Cryptographic means of information protection are the basis of the information system protection system. They realise secure data transmission via VPN, reliable storage of data in encrypted form on computing devices, secure transmission of letters with encryption. And also allow you to put a digital signature, which will confirm the integrity and authenticity of transmitted data.
One such solution is GPG or GNU Privacy Guard, which is an open implementation of a cryptosystem. A set of modules that allow to perform cryptographic transformations: encryption, signature, storage of public and private keys. It is the last two modules are an integral part of any tool. In GPG it is called a key ring!
What is a GPG key ring?
GPG key ring or literally keyring, is a set of public and private keys, information about which is stored in files. For more convenient and secure interaction, public and secret keys are separated into two different storage locations, a base with public keys and a folder with private keys:
- pubring.kbx
- private-keys-v1.d
Given the specifics of how public keys are used, they constantly need to be accessed, so they are not stored in encrypted form, unlike secret keys. However, the ability to spoof a public key provides a new attack vector and sensitive data can be sent to the attacker.
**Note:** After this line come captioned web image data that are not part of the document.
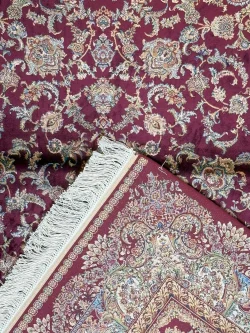 Red and Beige Persian Rug Shah Abbasi Pattern 4 x 6 - Image 6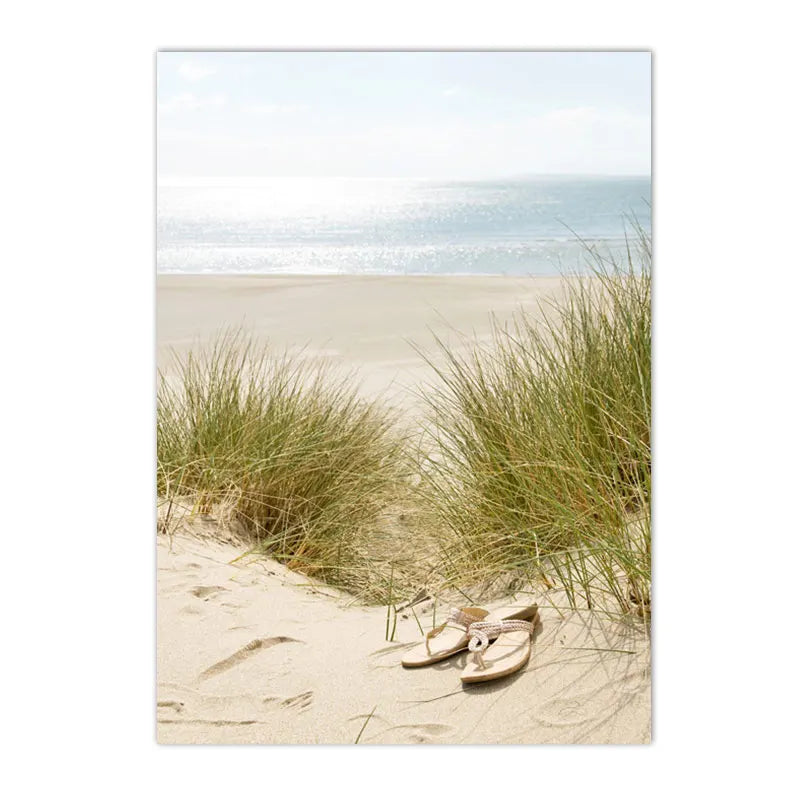 Modern Scenery Landscape Poster Coconut Reed Shell Beach Art Canvas Painting Palm Leaves Print Nordic Wall Pictures Home Decor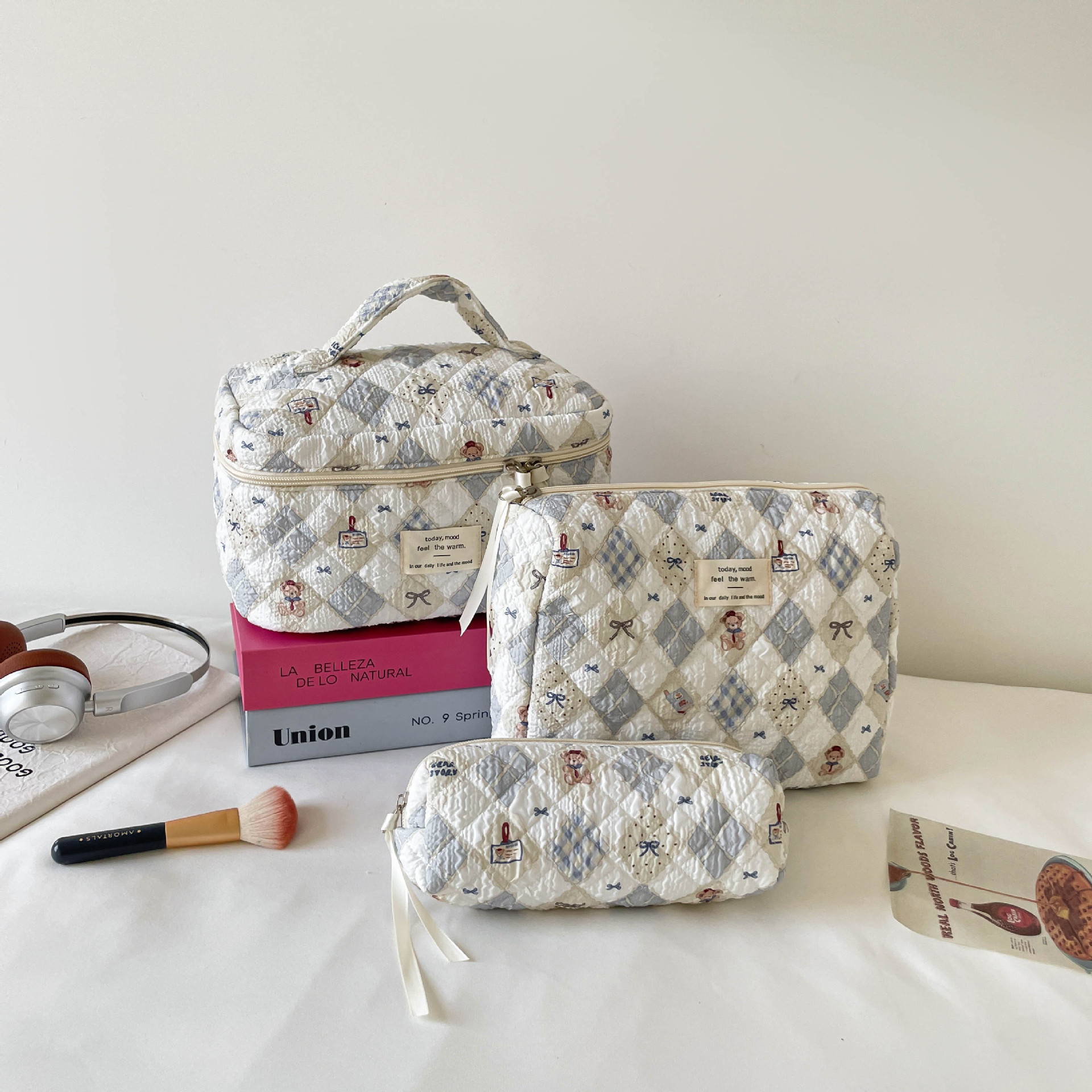 Cute capacious cosmetic bag with bow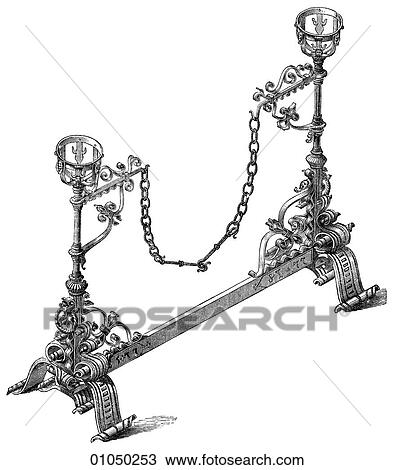 Drawing - Artifacts - Metal - Italy Venetian Fire-Dog, c. 1577. . Fotosearch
Private keys require strong security measures, so each key is stored separately and encrypted with a password set by the user. Security is based on a complex password, encrypted key and the same access delimitation.
To view the list of public and private key mappings, use the command for secret and public keys:
gpg -K && gpg -k
On the image you can see that the information about mappings was obtained from pubring.kbx, because it stores public keys and information related to them, which allows you to determine the ownership of the key. Including secret keys, their hash values and UIDs of users who own them.
How do I import a GPG keyring?
To do this, you can use the command:
gpg --import <file>But it is necessary to download the key itself beforehand, and a new difficulty arises in this. How to do it safely? After all, by spoofing the connection to the Mitm server with an attack, the intruder will send the malware and a different key, under the guise of a genuine one. There are two distribution methods for this:
- Web of Trust;
- a third party or a certification centre.
In these types of transfer there are trusted and untrusted objects, in the Web of Trust method we trust the official site of the company or its intermediaries. Let's consider the secure key import on the example of MySql database. To do this, let's go to the company's site and make sure that the https protocol used and the certificate belongs to the organisation:
Great, Oracle owns MySQL, so if we trust the certificate authority where the verification was performed, we can continue. Let's go to the tab that offers several ways to use the public key. There are usually three options:
Copy from the site, in order to eliminate additional transmission over an untrusted communication channel and to avoid new attack vectors with file spoofing on the host. The MySQL website provides an example:
Usually, one unique key is formed and all necessary files and packages are signed with it. In this case, let's copy the key and go to our device where we need to add it. For more clear demonstration all steps in the tutorial can be performed on powerful cloud servers.
It will take some time to deploy server capacity. After that you can connect in any of the convenient ways. And let's move to the terminal with our OS!
Let's create a file called key.gpg, it's up to you to choose how to name the file, but the format should be .gpg. This is what is used when importing:
nano key.pgp 
A text editor will open, paste the public key and import with the command:
gpg --import <file> De-arming as the process of converting from source format to target format:
gpg --dearmor <filename.pgp> -o /usr/share/key.gpg && gpg --import\
/usr/share/key.gpg
After which the key import will take place:
After that, we can use it!
How do I remove GPG keyring?
In order to remove a key from a keychain you need to specify the owner or the key ID in the command:
gpg --delete-secrete-key <key-id>.
And for public keys:
gpg --delete-key <key-id>All key information can be viewed with the command in the instructions above!
How do I export my GPG keyring?
To export keys we need two commands, for public keys:
gpg -a --export <key-id> > pub_key.ascThe -a option allows you to arm the key in ASCII and transmit it in mail, messenger or post it on your website.
gpg -a --export-secret-keys <key-id> > secret_key.ascNote that in most cases the secret key will almost always remain on the machine, except when you need to delegate your signature or decryption of cipher messages to a trusted object.